**What the exercise asks:** The records are set out below this line. Return exactly the lines from the one containing "this 660×440 image." through the last, and exclude the pictures.

Phrase grounding data
---

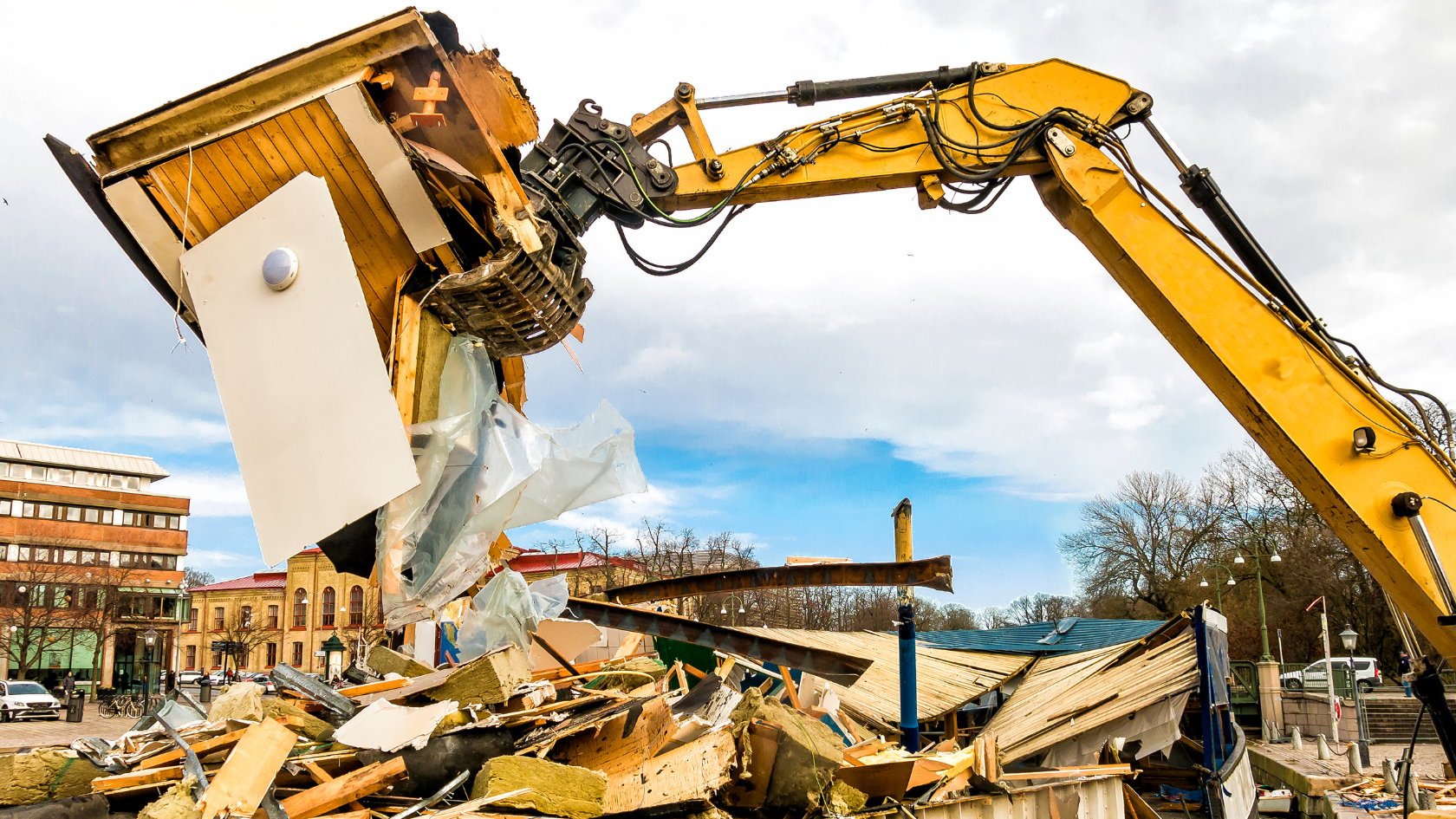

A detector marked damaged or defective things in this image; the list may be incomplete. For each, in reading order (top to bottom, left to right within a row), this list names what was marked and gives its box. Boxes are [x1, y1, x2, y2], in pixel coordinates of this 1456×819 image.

broken plasterboard [180, 173, 422, 559]
broken timber [602, 550, 955, 603]
rusty steel beam [605, 550, 955, 603]
rusty steel beam [562, 591, 868, 681]
broken timber [562, 591, 868, 681]
broken wooden board [196, 713, 298, 816]
broken wooden board [277, 751, 407, 816]
splintered wood beam [277, 751, 407, 816]
broken wooden board [550, 691, 669, 769]
broken wooden board [602, 723, 739, 809]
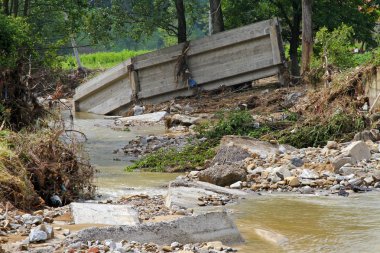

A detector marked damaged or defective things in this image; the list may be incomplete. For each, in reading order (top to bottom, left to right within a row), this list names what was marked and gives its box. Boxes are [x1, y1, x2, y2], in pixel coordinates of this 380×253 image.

broken concrete slab [70, 204, 140, 225]
broken concrete slab [65, 212, 243, 246]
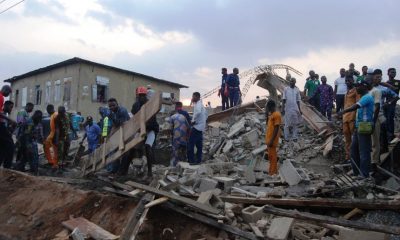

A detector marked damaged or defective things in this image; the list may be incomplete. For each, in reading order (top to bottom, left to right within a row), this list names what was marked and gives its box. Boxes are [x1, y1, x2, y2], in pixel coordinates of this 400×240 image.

broken concrete slab [280, 159, 302, 186]
broken concrete slab [241, 204, 266, 223]
broken concrete slab [268, 218, 296, 240]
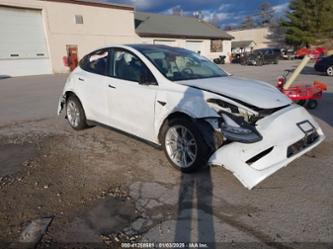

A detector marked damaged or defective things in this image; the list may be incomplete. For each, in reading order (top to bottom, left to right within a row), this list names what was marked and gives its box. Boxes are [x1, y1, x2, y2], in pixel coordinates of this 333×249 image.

crumpled hood [176, 76, 290, 109]
damaged front end [202, 97, 324, 189]
cracked bumper [209, 104, 322, 189]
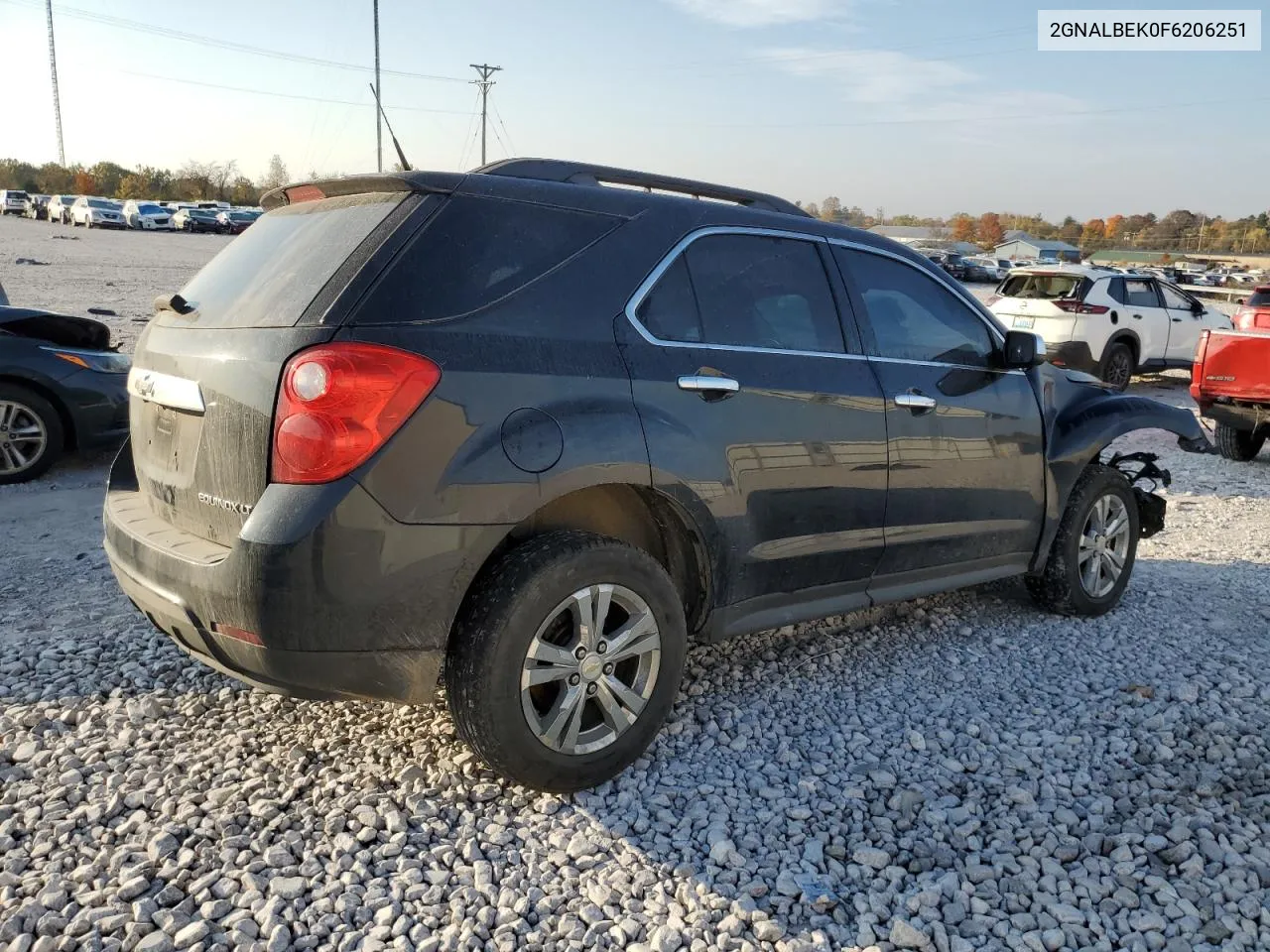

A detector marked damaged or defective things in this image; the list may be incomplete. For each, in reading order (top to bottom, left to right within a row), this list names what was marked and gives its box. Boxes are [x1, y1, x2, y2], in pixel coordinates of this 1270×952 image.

damaged rear quarter panel [1032, 363, 1199, 571]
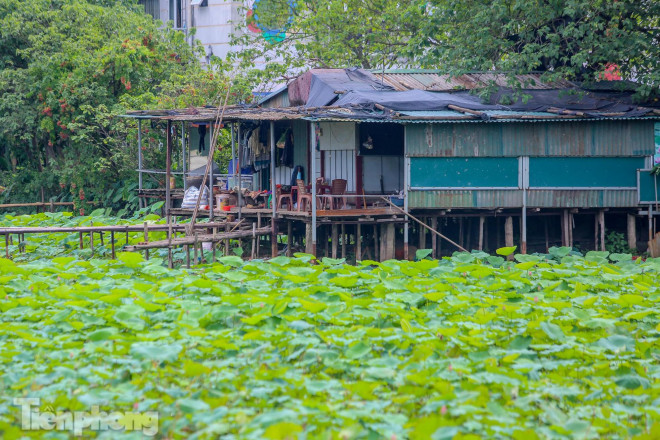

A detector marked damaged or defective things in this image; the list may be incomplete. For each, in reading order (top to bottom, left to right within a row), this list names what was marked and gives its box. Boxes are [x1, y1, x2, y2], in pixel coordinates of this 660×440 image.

rusty metal roof [372, 70, 576, 91]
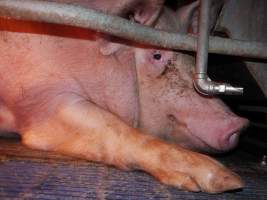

---

**Solution below:**
A detector marked damaged or defective things in this image; the list may be incomplete. For each, in reading order (top to bottom, left to right within a row), this list names what was marked and gives its box. Boxes are [x1, y1, x2, y2], in pixel coordinates of this 660×440 image.

rusty metal roof [372, 70, 576, 91]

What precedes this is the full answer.